(Beginning of Provided data)
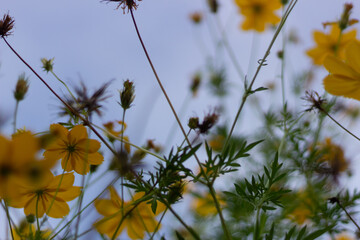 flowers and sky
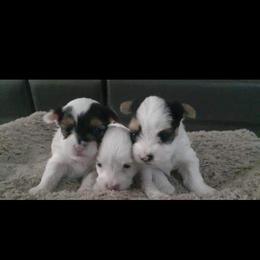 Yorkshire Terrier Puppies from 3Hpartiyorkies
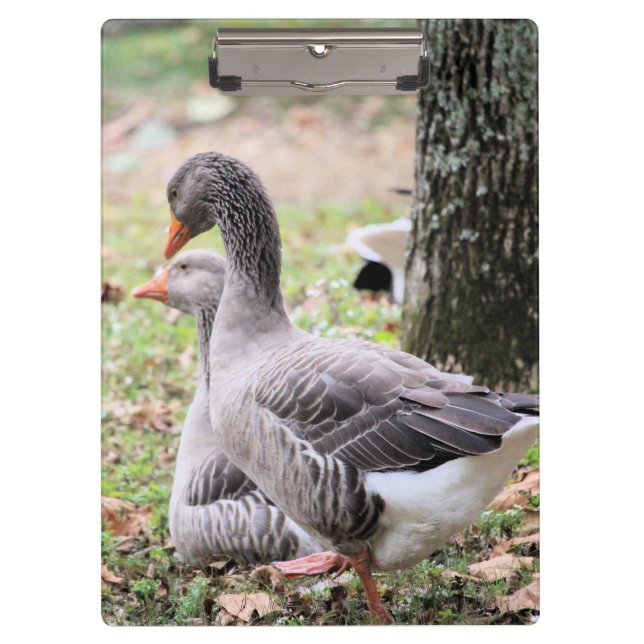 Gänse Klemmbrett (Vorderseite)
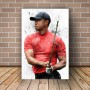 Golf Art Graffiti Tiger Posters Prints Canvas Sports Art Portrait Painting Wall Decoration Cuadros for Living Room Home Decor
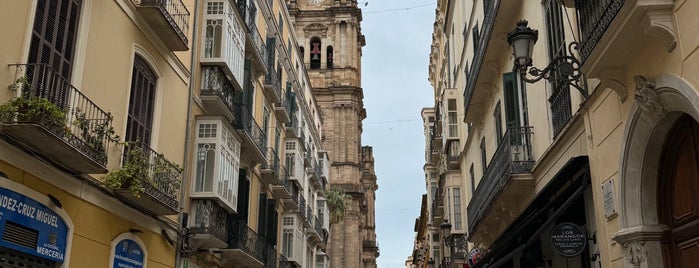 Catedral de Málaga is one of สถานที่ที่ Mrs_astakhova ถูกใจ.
(End of Provided data)
(Beginning of Provided data)
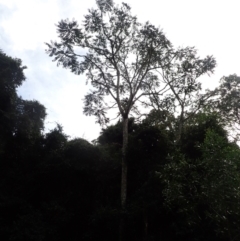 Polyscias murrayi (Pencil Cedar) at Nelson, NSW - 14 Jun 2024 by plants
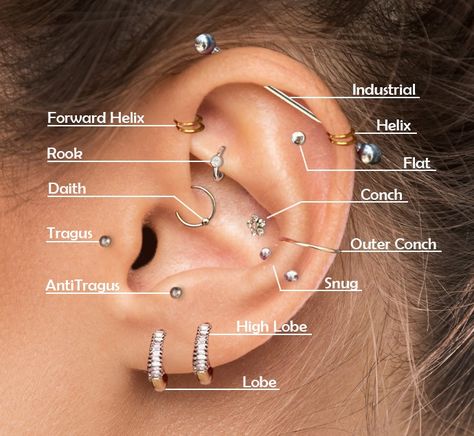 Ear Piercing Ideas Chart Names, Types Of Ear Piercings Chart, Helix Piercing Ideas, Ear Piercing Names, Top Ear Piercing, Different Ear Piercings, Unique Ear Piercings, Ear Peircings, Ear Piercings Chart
(End of Provided data)
(Beginning of Provided data)
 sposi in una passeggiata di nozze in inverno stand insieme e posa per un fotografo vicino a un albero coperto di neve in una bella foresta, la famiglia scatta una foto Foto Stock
(End of Provided data)
» **What the exercise asks**
Exact copy, pictures excluded: every line above from the one containing "Gänse Klemmbrett (Vorderseite)" to the one containing "Catedral de Málaga", inclusive, and nothing more.

» **Response area**
 Gänse Klemmbrett (Vorderseite)
 Golf Art Graffiti Tiger Posters Prints Canvas Sports Art Portrait Painting Wall Decoration Cuadros for Living Room Home Decor
 Catedral de Málaga is one of สถานที่ที่ Mrs_astakhova ถูกใจ.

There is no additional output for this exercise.